Perjalanan Ibadah Haji Melelahkan Namun Menyenangkan


Oleh : Drs. H. Syaiful Bahri, M.Pd
(Kasi Pelayanan Pondok Pesantren Pada Masyarakat
Kanwil Kemenag Prov. Bengkulu)



Setiap manusia yang menyatakan dirinya seorang muslim, dapat dipastikan mempunyai hasrat dan cita-cita yang sama untuk dapat menunaikan ibadah haji, karena menunaikan ibadah haji adalah merupakan rukun Islam yang kelima bagi yang mampu (istitho`ah) Q.S. Ali Imran : 97.

Minat dan hasrat umat Islam di dunia termasuk di Indonesia dari tahun ke tahun semakin meningkat walau beiring berjalannya waktu dengan musim haji dari tahun ke tahun Biaya Perjalanan Ibadah Haji (BPIH) yang cendrung selalu meningkat terkecuali BPIH tahun 1432 H/2010 M menurun dari tahun sebelumnya sebanyak 80 $ USA hal ini dibuktikan dengan banyaknya calon jemaah haji yang tetap setia dan sabar menunggu dengan urutan daftar tunggu yang begitu lama bahkan ada yang sampai 4 tahun hingga lebih.

Tingginya minat sehingga terkesan berjubel dan berduyun-duyun umat Islam untuk menunaikan ibadah haji walau harus setia menunggu giliran yang sebegitu lama tersebut mengindikasikan semakin tingginya pemahaman dan kesadaran serta kemampuan financial umat islam itu sendiri. Jadi dengan demikian tingginya minat tersebut paling tidak dapat dilihat dari dua dimensi. Dimensi pertama semakin tingginya pemahaman dan kesadaran umat Islam Indonesia tentang melaksanakan ibadah haji yang merupakan rukun Islam ke lima, kedua semakin meningkatnya pendapatan umat Islam sehingga mampu memenuhi secara financial segala biaya yang dibutuhkan baik selama dalam perjalanan maupun terhadap keluarga yang ditinggalkan.


(Tampak 5orang petugas Kloter 11 PDG musim haji 1432 H/2010 M)

Beriring dengan semakin meningkatnya hasrat umat Islam untuk menunaikan ibadah haji, pemerintah Republik Indonesia pun selalu berupaya dari tahun ketahun meningkatkan kualitas pelayanan disegala bidang baik jemaah haji masih berada di tanah air maupun di Sudi Arabiah sendiri, walau Menteri Agama Republik Indonesia mengungkapkan pada acara Ta`aruf di hadapan ribuan para Petugas Kloter dan non Kloter di Makkah November 2010 M yang lalu dimana dalam sambutannya menyatakan bahwa "permasalahan yang timbul dalam pelaksanaan Ibadah Haji tidak akan pernah hentinya. Ditempatkannya jema`ah haji pada ring satu semuapun bukan berarti permasalahan menjadi habis, tetapi permasalahan yang lain pasti akan timbul".

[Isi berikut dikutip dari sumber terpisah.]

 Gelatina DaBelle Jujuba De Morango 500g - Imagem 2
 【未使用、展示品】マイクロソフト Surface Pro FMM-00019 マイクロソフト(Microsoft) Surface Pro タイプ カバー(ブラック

Tampak Menteri Agama RI sedang memberikan arahan pada acara ta`aruf dgn para petugas haji November 2010 di Mekkah

Karena itu penyelenggaraan Ibahah Haji yang merupakan tugas Nasional yang melibatkan banyak Instansi terkait, baik dalam nengeri maupun luar negeri tersebut senantiasa penuh dengan problem. Kesemuanya itu dibutuhkan keterpaduan semua pihak baik dalam maupun luar negeri terkait dalam menyukseskannya dengan menyatukan kometmen dalam mewujudkan visi dan misi yang telah ditetapkan.

Undang-Undang RI Nomor 13 tahun 2008 Tentang Penyelenggaraan Ibadah Haji pada pasal 2 mengatakan "Penyelenggaraan Ibadah Haji dilaksanakan berdasarkan asas keadilan, profesionalitas, dan akuntabelitas dengan prinsip nirlaba". Pasal ini sangat kuat dan sangat mengikat bagi semua stick holder sampai kepada aplikasi dilapangan.

Dari pengamatan yang penulis rasakan langsung di lapangan sebagai petugas TPHI Kloter 6 PDG pada tahun 2008 dan TPIHI Kloter 11 PDG pada tahun 2010, betul apa yang telah diungkapkan Menteri Agama RI tersebut, namun kometmen dari pemerintah kita Republik Indonesia dengan segenap petugas yang ada sudah dapat diacungkan jempol dari tahun ketahun kometmen untuk memperbaiki kekurangan selalu ada, tetapi secara jujur yang namanya problem dalam Penyelenggaraan Ibadah Haji tidak pernah akan habisnya, karena paling tidak ada beberapa indicator penyebabnya ; pertama banyaknya Instansi terkait baik dalam maupun luar negeri walau dengan tupoksinya sudah jelas dan berbeda satu sama lainnya namun ada-ada saja kekurangan dan kelemahannya pada setiap musim haji, kedua petugas yang memberikan pelayanan kepada jemaah haji cendrung selalu berubah orangnya dari tahun ke tahun walau itu bukan merupakan kendala yang dominan, ketiga jemaahnya haji sendiri dapat dipastikan bukan jemaah tahun yang lalu tetapi kebanyakan jemaah haji yang baru lagi, keempat yang tidak kala urgennya jemaah haji menghadapi kultur dan budaya (multi cultur) serta lainnya yang ada di Saudi Arabiah jauh sangat berbeda dengan yang ada di Indonesia.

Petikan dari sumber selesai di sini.